WHAT YOU HAVE TO DO
For each entry, restate it word for word while omitting any image it holds.

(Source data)
========
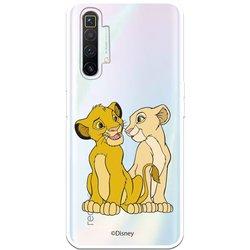 Funda para Realme X2 Oficial de Disney Simba y Nala Silueta - El Rey Leon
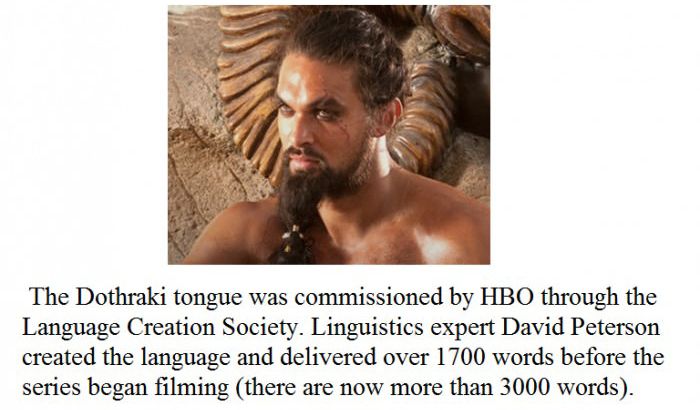 Game of Thrones Facts (15 pics)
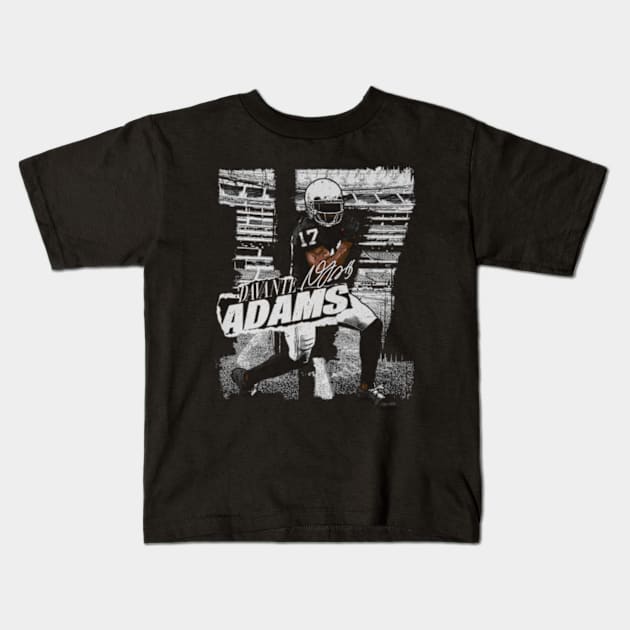 Davante Adams Las Vegas Rough Kids T-Shirt by danlintonpro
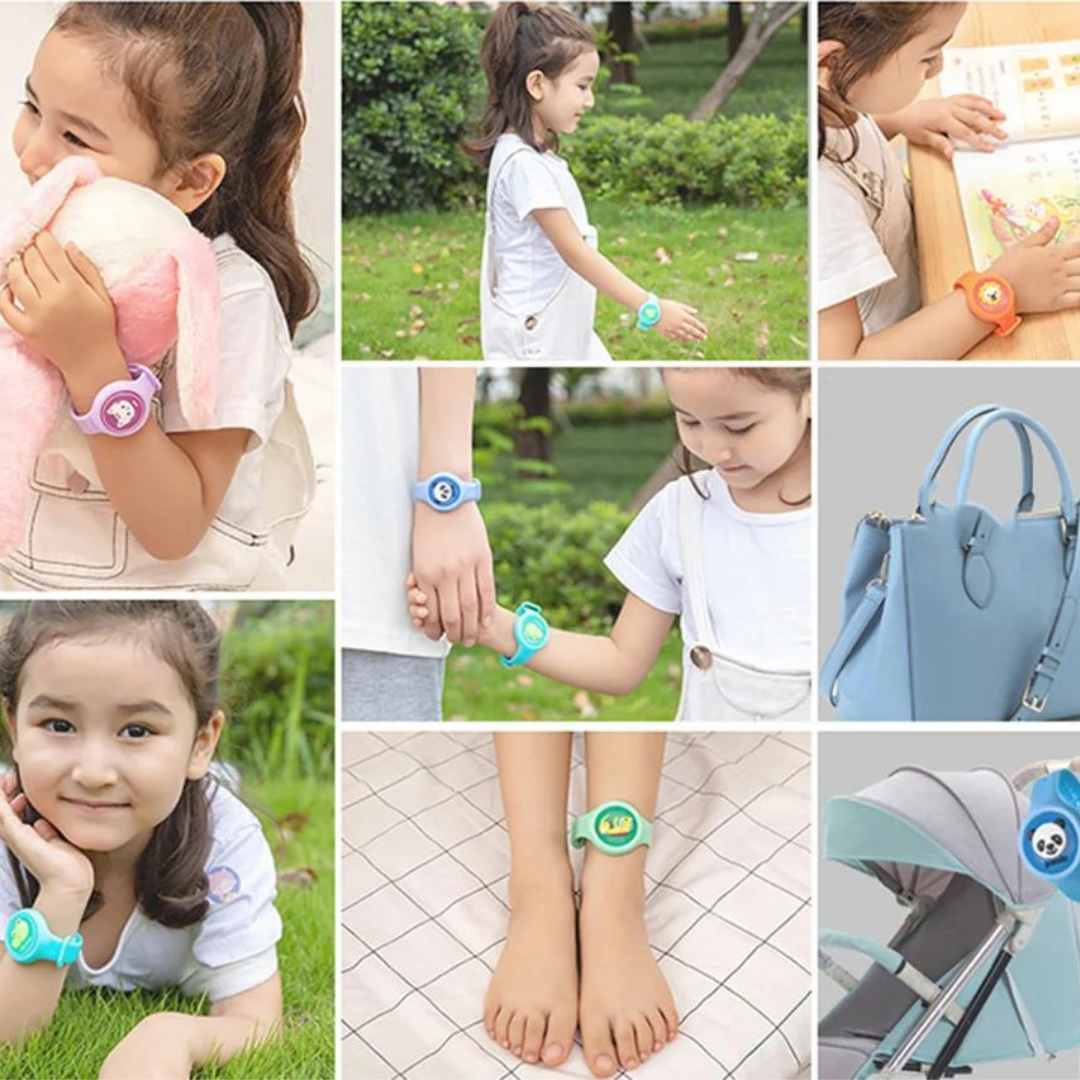 BugAway Kids Mosquito Repellent Bracelet, Natural DEET-Free Protection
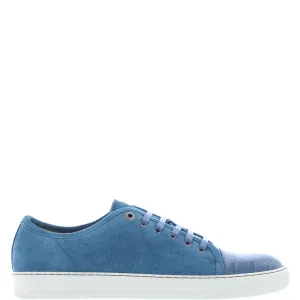 Lanvin - Mens Crocodile Embossed DBB1 Sneakers Blue - UK 6 BLUE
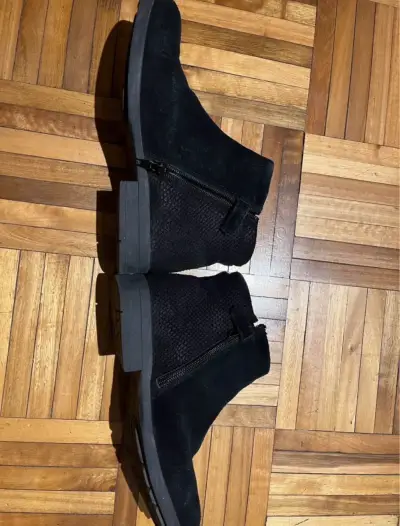 Botines negros de gamuza - miniatura 4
========
EXERCISE RESULT
 Funda para Realme X2 Oficial de Disney Simba y Nala Silueta - El Rey Leon
 Game of Thrones Facts (15 pics)
 Davante Adams Las Vegas Rough Kids T-Shirt by danlintonpro
 BugAway Kids Mosquito Repellent Bracelet, Natural DEET-Free Protection
 Lanvin - Mens Crocodile Embossed DBB1 Sneakers Blue - UK 6 BLUE
 Botines negros de gamuza - miniatura 4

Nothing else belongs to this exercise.